Présentation de la Namibie

Données générales

Présentation du pays

NAMIBIE {JPEG}

Depuis son indépendance en 1990, la Namibie est un pays politiquement stable et démocratique, dont la vie politique est largement dominée par l’Organisation de libération du Sud-ouest africain (SWAPO). La Namibie est un pays attractif, une petite économie (2.5 M hab, 13,28 Mds$ de PIB), mais relativement dynamique (5 à 6 % de croissance jusqu’en 2015 ; 1,5 % de croissance pour 2018), dotée d’infrastructures, prospère, solvable, qui présente des opportunités pour les entreprises françaises. La relation bilatérale franco-namibienne est marquée par le souvenir de l’engagement pris dès 1980 par la France de soutenir le combat de la SWAPO pour l’indépendance.

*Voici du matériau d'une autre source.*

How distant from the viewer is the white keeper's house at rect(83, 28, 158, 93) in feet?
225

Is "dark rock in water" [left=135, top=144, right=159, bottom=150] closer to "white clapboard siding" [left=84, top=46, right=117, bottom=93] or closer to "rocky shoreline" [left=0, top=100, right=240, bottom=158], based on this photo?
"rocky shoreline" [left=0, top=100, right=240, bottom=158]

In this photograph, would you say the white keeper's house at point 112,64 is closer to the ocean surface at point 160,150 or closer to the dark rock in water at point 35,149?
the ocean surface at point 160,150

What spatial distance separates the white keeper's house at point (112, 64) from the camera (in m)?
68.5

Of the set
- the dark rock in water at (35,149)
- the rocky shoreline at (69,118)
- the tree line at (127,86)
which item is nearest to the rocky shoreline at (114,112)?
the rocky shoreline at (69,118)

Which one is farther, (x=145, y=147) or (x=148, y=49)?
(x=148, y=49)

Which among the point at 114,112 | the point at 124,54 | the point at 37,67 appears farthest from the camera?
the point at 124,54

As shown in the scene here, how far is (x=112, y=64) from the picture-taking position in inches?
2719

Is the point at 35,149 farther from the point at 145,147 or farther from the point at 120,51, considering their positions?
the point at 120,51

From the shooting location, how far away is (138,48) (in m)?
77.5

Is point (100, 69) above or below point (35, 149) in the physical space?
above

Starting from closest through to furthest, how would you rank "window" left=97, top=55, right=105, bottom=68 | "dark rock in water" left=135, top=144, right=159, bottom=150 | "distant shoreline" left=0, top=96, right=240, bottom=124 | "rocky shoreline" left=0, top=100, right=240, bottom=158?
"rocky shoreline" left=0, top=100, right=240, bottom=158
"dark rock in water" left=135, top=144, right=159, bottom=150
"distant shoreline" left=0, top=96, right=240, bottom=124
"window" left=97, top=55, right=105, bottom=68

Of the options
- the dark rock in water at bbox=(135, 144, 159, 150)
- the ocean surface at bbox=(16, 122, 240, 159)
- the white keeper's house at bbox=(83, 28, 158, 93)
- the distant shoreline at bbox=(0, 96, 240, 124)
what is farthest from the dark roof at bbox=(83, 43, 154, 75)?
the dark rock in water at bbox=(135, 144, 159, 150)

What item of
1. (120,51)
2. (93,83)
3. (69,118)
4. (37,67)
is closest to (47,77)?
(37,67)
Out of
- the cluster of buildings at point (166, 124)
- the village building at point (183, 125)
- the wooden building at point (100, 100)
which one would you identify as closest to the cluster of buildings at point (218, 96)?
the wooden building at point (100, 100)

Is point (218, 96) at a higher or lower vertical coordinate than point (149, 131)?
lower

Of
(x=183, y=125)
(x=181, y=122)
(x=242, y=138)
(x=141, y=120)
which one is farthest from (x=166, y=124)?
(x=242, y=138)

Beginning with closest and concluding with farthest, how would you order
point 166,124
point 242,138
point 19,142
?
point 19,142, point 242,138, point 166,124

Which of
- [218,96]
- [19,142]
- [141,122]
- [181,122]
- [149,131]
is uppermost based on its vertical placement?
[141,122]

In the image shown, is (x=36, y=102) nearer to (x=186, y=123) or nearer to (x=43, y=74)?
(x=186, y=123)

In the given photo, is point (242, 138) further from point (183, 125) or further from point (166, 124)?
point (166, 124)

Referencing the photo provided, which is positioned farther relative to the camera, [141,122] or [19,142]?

Nom officiel : République de Namibie
Nature du régime : présidentiel
Président de la République : M. Hage GEINGOB (depuis le 21/03/2015)

Données géographiques

Superficie : 824.148 km2
Capitale : Windhoek
Villes principales : Windhoek, Rundu, Walvis Bay, Swakopmund, Grootfontein, Katima Mulilo
Langue officielle : Anglais
Langues courantes : Anglais, Oshivambo (langue maternelle de 49 % de la population), Afrikaans (11 %), Nama - Damara , Herero, Rukavango, Allemand (2%), Tswana
Monnaie : Dollar namibien (NAD). 1 € = 16.09NAD au 11/07/2019, parité fixe avec le rand sud-africain
Fête nationale : 21 mars (Fête de l’Indépendance).

Données démographiques
(Banque Mondiale et PNUD, 2015)

Population : 2 533 800 (2017) dont Ovambo 49,8 %, Kavango 9,3 %, Damara 7,5 %, Herero 7,5 %, Blancs 6,4 %, Nama 4,8 %, Métis 4,1 % (estimations).
Densité : 3 hab./km² (2017)
Croissance démographique : + 2,3 % par an
Espérance de vie : 64,7 ans à la naissance (2017)
Taux d’alphabétisation : 76,5 %
Religions : chrétiens (85 %, dont environ 50 % de luthériens), animistes (15 %)
Indice de développement humain : 0,647 - 129e pays sur 188 (2018).

Données économiques
(BM, FMI)

PIB : 13,28 Mds USD courants (2018)
PIB par habitant : 5619 USD courants (2018)
Taux de croissance du PIB : 6,1 % en 2015, 0,6 % en 2016, - 0,9 % en 2017 ; moyenne de 3,5 % sur la période 2013/17
Taux de chômage : 27,2 % de la population active (2017)
Taux d’inflation : 3,4 % en 2015, 6,7 % en 2016 ; 6 % en 2017 et 5,8 % estimés pour 2018
Solde budgétaire : - 6,0 % en 2015/2016, - 4,3 % en 2016/2017.
Part des principaux secteurs d’activités dans le PIB (2017) :

  • agriculture : 7 % ;
  • industrie : 28,4 % ;
  • tertiaire : 64,6 %
    Principaux fournisseurs : Afrique du Sud, Bulgarie, Botswana et Chine
    Principaux clients : Afrique du Sud, Botswana, Suisse et Chine
    Exportations de la France vers la Namibie (hors matériel militaire)
    7,4 M€ en 2018 (- 22 % sur la période 2014/18)
    Importations françaises depuis la Namibie (hors matériel militaire)
    48,9 M€ en 2018 (- 20 % sur la période 2014/18)

Présence française
Site internet de l’ambassade : https://na.ambafrance.org/
Consulat de France : Consulat général de France à Johannesburg
Communauté française en Namibie : 239 immatriculés, dont 28 % de double-nationaux (31/12/2017)
Communauté namibienne en France : 47 inscrits (31/12/2016)

Éléments d’actualité

Politique intérieure

La SWAPO (« South West Africa People Organisation »), parti d’inspiration marxiste au pouvoir depuis l’indépendance du pays en 1990, reste largement dominant du fait de sa légitimé historique et rassemble environ 75 % des suffrages à tous les scrutins depuis 1999.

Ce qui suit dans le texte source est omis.